The trampoline() function is over 400 lines long.  I think it can be 
much shorter and much more readable.  The issue right now is that there 
are a number of intricate instruction sequences to generate.  Since they 
are opaque, there are comments to explain them.  Perhaps all that code 
was "easily generated" via cut-and-paste, but the human cost of reading 
and maintaining the code is rather high.

Importantly, however, these sequences repeat.  A lot.  So there is 
tremendous potential for consolidation.

A prime candidate is the instruction sequence
         /* Get the (pre-CPU) cpuinfo struct. */
         idp = dt_dlib_get_map(dtp, "cpuinfo");
         assert(idp != NULL);
         dt_cg_xsetx(dlp, idp, DT_LBL_NONE, BPF_REG_1, idp->di_id);
         emit(dlp, BPF_MOV_REG(BPF_REG_2, BPF_REG_FP));
         emit(dlp, BPF_ALU64_IMM(BPF_ADD, BPF_REG_2, DT_TRAMP_SP_BASE));
         emit(dlp, BPF_STORE_IMM(BPF_DW, BPF_REG_2, 0, 0));
         emit(dlp, BPF_CALL_HELPER(BPF_FUNC_map_lookup_elem));
         emit(dlp, BPF_BRANCH_IMM(BPF_JEQ, BPF_REG_0, 0, exitlbl));
It is not trivial and yet appears verbatim 16 times. Consolidation can 
save over 150 lines.  There are all sorts of ways this replication can 
be avoided.  For example, codegen for each probe has an entry branch and 
a return branch, and this cpuinfo computation is replicated for each;  
just executing it once for the entire "if (entry) else" pair already 
saves a factor-of-two.  But each probe code itself replicates this code. 
So, just generate this sequence of instructions once, at the top of 
trampoline(), and then rip out the 16 replicas.
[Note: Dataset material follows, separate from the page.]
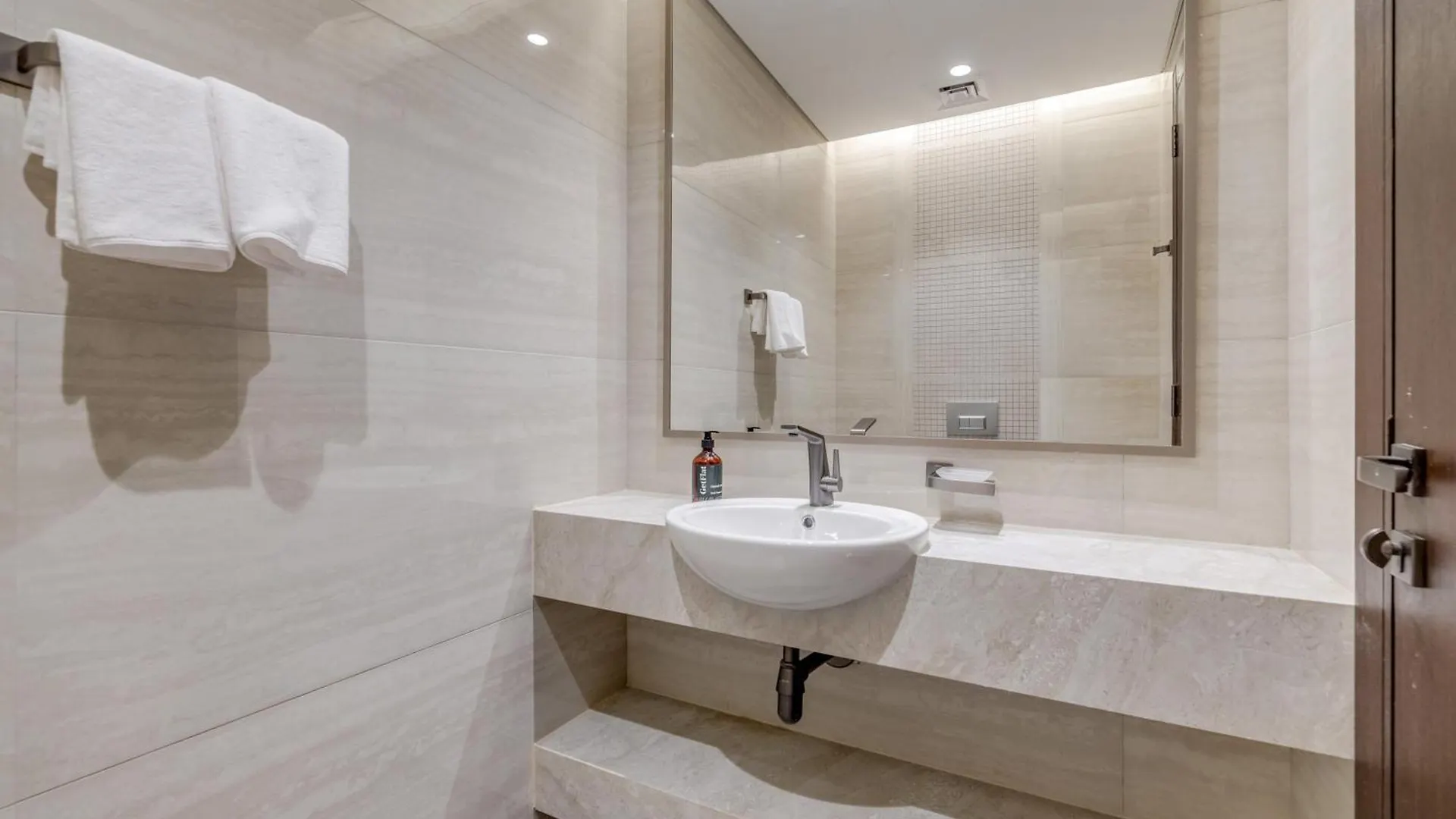 Ramadan Offer!!! Skyline View 1Br, King Bed, Bar & Movie Nights Apartment Dubai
Regarding its comment, what even does "pre-CPU" mean?  How about 
replacing the comment with:
         /* %r0 = bpf_map_lookup_elem("cpuinfo", 0); */

Anyhow, there are other code sequences, some of which are repeated only 
2-3 times but others 8x.  Plus, some are minor variations of each 
other.  Even when a sequence is only 2 instructions long, it's tedious 
and error-prone to check the same sequence 8 or more times.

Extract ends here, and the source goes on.